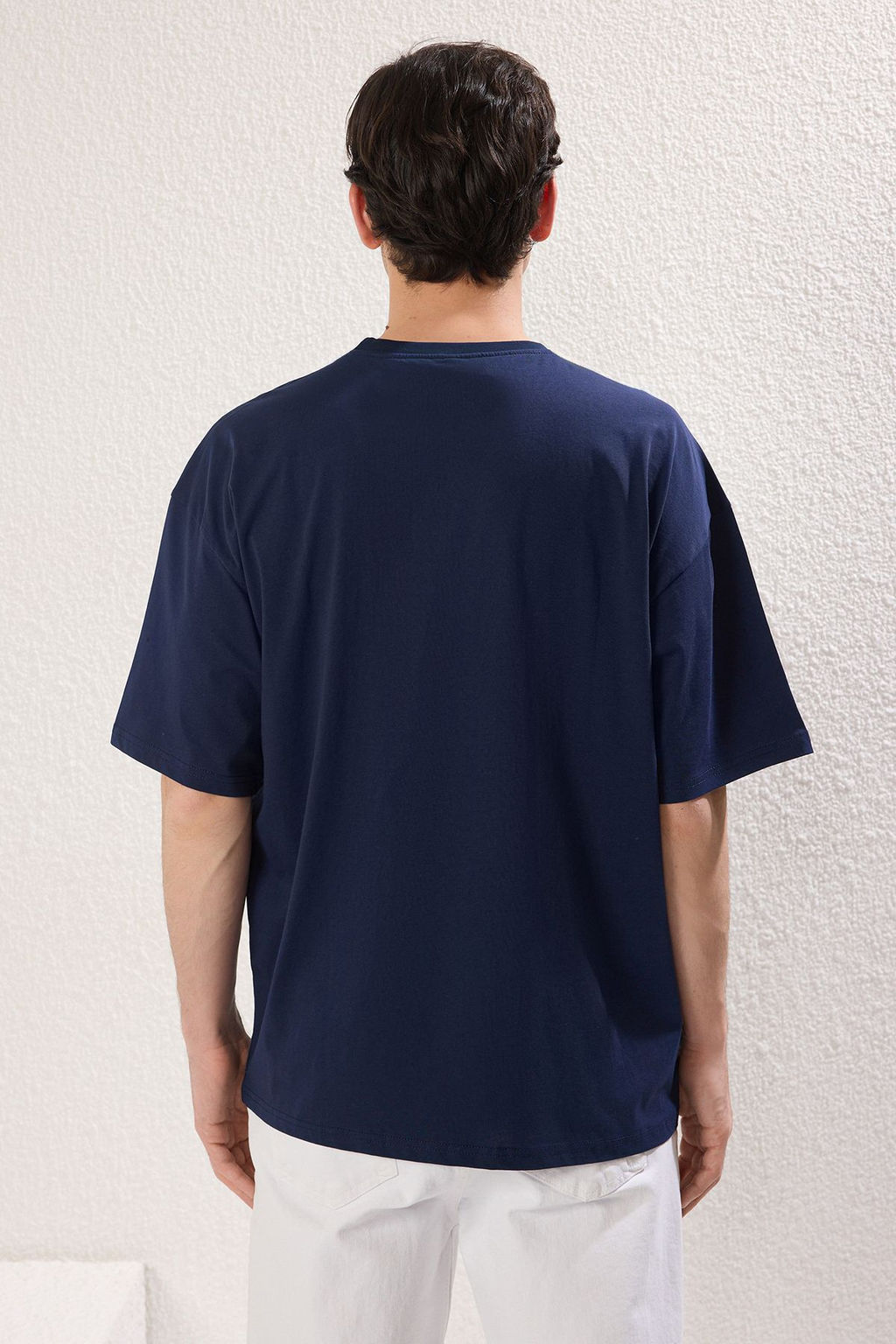 TRENDYOL MAN Lacivert-Bej Oversize/Genis Kesim 2li Paket Yaz? Bask?l?-Duz %100 Pamuk T-Shirt TMNSS25TS00215 - Trendyolmilla фото 5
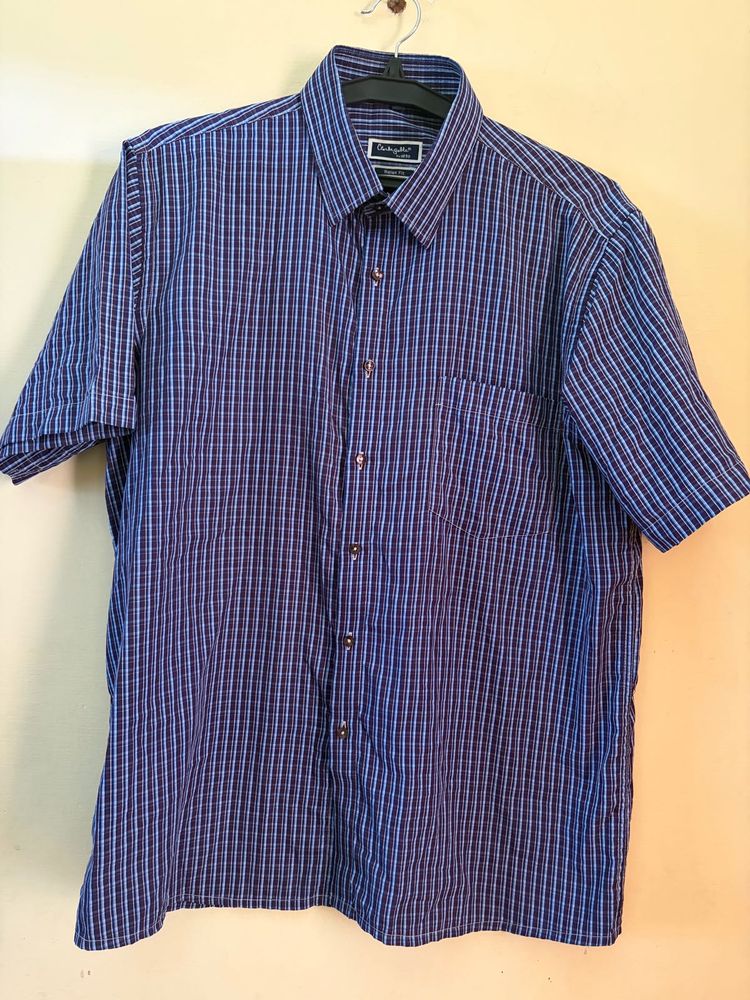 Classic Blue Plaid Short Sleeve Men's Shirt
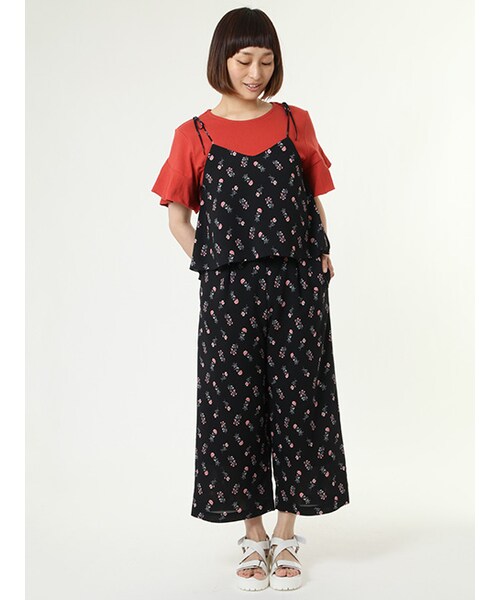 w closet(ダブルクローゼット)の「小花柄ジョーゼットセットアップ(その他・レディース・Lグレー/ブラック・FREE)」の3枚目の写真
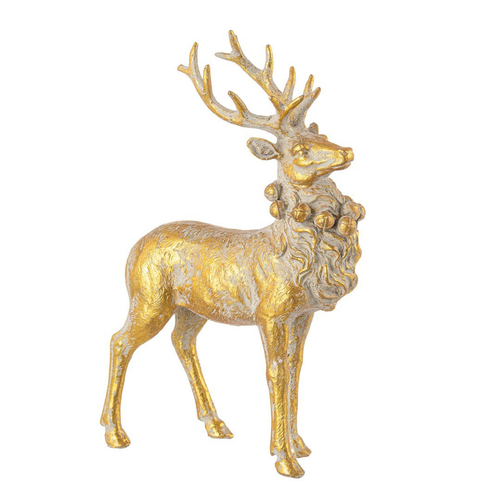 Cervo Oro in Poliresina‎ decorazione natalizia h 23,5 cm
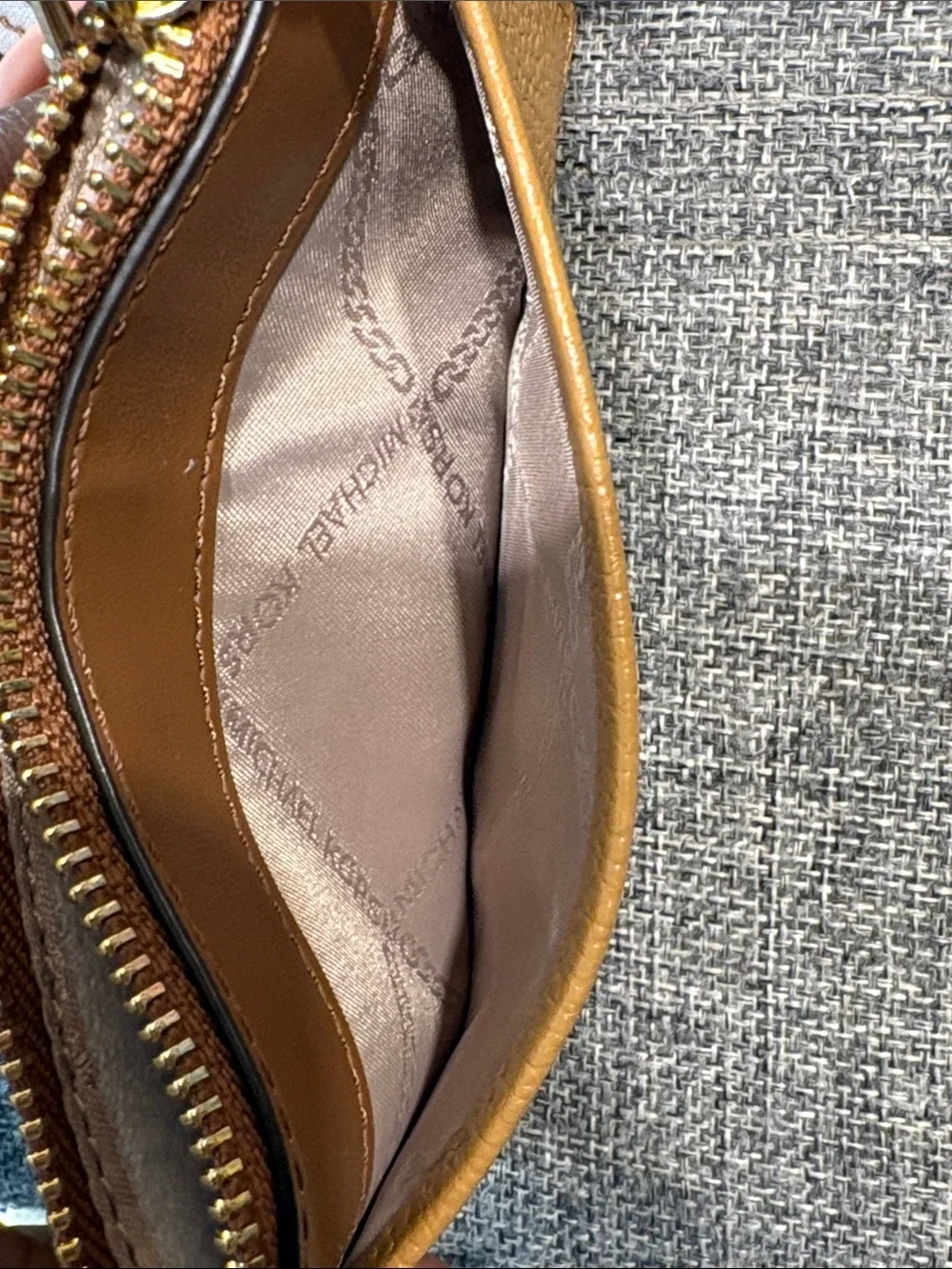 Michael Kors Two-Tone Brown & Tan Leather Card Holder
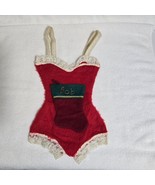 VTG 1950s Red Felt Lingerie Bodice Christmas Wall Decor w/ Mini Stocking... - €80,22 EUR
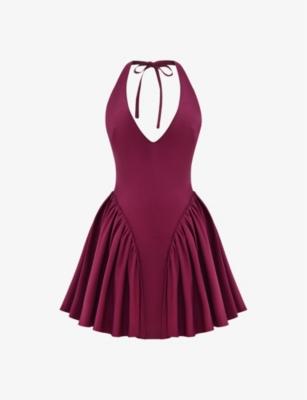 Valentia plunge-neck stretch-cotton mini dress by HOUSE OF CB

────────────────

* [WHAT YOU ARE ASKED TO DO]:
Print only the lines from the first line of the data above through the one containing "VTG 1950s Red", exactly as they are, with pictures omitted.

* [WRITTEN RESPONSE]:
 TRENDYOL MAN Lacivert-Bej Oversize/Genis Kesim 2li Paket Yaz? Bask?l?-Duz %100 Pamuk T-Shirt TMNSS25TS00215 - Trendyolmilla фото 5
 Classic Blue Plaid Short Sleeve Men's Shirt
 w closet(ダブルクローゼット)の「小花柄ジョーゼットセットアップ(その他・レディース・Lグレー/ブラック・FREE)」の3枚目の写真
 Cervo Oro in Poliresina‎ decorazione natalizia h 23,5 cm
 Michael Kors Two-Tone Brown & Tan Leather Card Holder
 VTG 1950s Red Felt Lingerie Bodice Christmas Wall Decor w/ Mini Stocking... - €80,22 EUR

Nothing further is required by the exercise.